Task description
From the entries below, output the line with "幼儿园消防安全责任人及工作职责" and each following line up to and including the line with "Раздача лицензионных аккаунтов майнкрафт!!!!", exactly as written.

***** Records to process *****

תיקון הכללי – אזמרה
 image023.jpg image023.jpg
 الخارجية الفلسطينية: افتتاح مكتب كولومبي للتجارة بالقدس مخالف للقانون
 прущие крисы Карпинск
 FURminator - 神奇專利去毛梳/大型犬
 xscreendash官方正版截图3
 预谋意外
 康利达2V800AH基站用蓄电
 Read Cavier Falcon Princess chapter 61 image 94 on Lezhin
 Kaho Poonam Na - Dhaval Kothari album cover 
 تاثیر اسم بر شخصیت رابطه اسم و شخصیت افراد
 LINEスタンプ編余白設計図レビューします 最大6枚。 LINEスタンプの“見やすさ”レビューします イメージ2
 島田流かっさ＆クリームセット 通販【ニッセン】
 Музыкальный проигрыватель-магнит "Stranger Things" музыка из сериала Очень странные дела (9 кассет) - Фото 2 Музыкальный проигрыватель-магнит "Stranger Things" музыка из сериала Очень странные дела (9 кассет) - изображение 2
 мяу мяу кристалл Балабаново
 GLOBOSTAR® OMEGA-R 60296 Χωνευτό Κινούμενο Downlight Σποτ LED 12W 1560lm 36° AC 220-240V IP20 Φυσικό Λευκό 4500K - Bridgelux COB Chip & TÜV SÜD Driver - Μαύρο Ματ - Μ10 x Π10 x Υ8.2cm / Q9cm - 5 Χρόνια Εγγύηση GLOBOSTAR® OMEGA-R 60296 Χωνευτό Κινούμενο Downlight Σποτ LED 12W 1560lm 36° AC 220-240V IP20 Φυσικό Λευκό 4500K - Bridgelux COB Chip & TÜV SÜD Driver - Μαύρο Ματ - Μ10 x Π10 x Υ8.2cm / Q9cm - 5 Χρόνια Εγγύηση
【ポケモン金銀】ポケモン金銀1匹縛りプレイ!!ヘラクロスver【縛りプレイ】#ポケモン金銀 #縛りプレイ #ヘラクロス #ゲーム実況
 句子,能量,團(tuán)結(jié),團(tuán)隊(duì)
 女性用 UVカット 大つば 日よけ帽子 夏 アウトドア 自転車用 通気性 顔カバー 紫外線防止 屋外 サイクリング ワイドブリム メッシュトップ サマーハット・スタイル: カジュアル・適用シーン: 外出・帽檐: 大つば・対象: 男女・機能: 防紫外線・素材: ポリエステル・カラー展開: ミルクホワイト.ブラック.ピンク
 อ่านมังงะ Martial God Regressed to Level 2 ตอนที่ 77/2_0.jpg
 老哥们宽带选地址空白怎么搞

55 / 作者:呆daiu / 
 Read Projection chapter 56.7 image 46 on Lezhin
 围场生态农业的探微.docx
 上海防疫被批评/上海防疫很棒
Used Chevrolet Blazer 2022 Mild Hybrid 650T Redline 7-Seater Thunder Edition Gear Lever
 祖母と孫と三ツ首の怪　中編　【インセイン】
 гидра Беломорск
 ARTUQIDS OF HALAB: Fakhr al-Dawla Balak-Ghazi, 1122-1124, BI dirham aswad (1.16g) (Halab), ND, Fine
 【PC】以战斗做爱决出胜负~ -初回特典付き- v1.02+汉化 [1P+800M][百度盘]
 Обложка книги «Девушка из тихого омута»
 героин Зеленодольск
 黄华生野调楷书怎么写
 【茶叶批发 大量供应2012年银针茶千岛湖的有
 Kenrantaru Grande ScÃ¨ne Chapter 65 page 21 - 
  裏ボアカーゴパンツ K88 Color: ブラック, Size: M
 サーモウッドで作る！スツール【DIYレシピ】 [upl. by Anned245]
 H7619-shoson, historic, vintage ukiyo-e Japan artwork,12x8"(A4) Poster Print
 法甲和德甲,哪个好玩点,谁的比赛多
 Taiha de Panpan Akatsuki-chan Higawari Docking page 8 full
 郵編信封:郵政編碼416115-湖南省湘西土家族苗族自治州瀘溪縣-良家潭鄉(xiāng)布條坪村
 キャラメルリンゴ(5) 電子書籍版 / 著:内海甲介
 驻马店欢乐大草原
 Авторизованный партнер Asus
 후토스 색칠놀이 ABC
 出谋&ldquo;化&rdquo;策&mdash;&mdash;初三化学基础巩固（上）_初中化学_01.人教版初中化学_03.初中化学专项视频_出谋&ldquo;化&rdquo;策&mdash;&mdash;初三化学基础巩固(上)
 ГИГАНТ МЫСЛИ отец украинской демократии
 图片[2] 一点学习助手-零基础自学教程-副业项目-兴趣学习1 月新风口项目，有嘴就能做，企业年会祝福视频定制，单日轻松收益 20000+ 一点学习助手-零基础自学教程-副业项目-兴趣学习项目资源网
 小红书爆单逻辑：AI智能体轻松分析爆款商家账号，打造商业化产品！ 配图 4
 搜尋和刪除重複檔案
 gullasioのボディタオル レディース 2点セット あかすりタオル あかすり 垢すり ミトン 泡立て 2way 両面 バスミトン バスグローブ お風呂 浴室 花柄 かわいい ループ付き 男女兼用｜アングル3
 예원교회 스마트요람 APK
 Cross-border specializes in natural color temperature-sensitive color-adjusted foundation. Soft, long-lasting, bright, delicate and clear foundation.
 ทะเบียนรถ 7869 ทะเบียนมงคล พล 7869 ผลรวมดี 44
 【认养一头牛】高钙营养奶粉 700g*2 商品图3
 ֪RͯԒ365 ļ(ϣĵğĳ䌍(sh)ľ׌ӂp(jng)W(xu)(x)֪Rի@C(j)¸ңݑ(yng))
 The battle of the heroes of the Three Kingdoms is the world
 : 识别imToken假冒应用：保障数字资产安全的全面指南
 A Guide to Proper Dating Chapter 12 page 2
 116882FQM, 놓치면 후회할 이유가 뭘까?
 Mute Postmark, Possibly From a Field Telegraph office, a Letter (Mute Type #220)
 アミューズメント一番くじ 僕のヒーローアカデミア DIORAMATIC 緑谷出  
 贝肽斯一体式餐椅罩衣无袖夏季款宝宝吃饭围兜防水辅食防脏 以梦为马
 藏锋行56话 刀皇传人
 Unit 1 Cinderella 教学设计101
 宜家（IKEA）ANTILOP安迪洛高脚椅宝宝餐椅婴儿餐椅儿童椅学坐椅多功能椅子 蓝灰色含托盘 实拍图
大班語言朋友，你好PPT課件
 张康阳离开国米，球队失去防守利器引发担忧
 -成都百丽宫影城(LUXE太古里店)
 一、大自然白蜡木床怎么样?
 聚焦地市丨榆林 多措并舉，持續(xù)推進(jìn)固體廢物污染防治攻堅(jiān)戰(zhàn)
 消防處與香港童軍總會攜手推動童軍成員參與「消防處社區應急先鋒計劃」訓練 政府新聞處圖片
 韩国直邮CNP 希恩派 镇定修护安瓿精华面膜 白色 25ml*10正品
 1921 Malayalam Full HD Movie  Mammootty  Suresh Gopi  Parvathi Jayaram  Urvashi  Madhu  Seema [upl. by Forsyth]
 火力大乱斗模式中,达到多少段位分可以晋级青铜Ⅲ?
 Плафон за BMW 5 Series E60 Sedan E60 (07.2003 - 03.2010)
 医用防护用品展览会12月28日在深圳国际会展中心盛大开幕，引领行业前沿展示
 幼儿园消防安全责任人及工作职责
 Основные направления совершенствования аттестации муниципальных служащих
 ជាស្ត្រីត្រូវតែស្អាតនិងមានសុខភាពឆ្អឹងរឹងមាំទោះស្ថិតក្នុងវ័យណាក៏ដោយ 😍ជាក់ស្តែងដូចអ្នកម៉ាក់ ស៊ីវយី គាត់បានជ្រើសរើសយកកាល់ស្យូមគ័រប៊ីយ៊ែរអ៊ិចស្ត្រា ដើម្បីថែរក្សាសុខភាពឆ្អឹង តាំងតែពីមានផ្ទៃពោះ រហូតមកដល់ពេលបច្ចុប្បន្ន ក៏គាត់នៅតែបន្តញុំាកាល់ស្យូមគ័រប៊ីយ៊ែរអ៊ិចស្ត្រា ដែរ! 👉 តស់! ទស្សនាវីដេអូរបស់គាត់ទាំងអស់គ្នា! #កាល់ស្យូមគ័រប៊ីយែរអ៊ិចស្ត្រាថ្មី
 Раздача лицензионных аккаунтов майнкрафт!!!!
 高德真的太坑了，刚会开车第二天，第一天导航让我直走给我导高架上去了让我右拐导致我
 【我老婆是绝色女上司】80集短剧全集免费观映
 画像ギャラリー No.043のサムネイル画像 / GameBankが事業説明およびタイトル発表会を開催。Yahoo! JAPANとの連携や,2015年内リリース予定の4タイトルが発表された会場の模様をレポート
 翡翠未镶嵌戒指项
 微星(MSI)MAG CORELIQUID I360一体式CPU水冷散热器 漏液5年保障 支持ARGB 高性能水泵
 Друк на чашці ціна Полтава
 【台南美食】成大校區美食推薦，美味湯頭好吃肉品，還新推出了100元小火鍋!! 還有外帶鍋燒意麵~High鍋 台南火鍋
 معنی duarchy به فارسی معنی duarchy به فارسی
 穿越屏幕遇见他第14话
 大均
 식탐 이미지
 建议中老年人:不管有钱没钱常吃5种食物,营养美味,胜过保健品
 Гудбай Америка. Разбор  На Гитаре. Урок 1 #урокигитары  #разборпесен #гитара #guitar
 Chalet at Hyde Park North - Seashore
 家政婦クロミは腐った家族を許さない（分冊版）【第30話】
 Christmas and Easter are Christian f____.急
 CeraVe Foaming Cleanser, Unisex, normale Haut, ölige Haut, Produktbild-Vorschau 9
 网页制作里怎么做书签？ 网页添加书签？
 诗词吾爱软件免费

*****

Exercise output
 幼儿园消防安全责任人及工作职责
 Основные направления совершенствования аттестации муниципальных служащих
 ជាស្ត្រីត្រូវតែស្អាតនិងមានសុខភាពឆ្អឹងរឹងមាំទោះស្ថិតក្នុងវ័យណាក៏ដោយ 😍ជាក់ស្តែងដូចអ្នកម៉ាក់ ស៊ីវយី គាត់បានជ្រើសរើសយកកាល់ស្យូមគ័រប៊ីយ៊ែរអ៊ិចស្ត្រា ដើម្បីថែរក្សាសុខភាពឆ្អឹង តាំងតែពីមានផ្ទៃពោះ រហូតមកដល់ពេលបច្ចុប្បន្ន ក៏គាត់នៅតែបន្តញុំាកាល់ស្យូមគ័រប៊ីយ៊ែរអ៊ិចស្ត្រា ដែរ! 👉 តស់! ទស្សនាវីដេអូរបស់គាត់ទាំងអស់គ្នា! #កាល់ស្យូមគ័រប៊ីយែរអ៊ិចស្ត្រាថ្មី
 Раздача лицензионных аккаунтов майнкрафт!!!!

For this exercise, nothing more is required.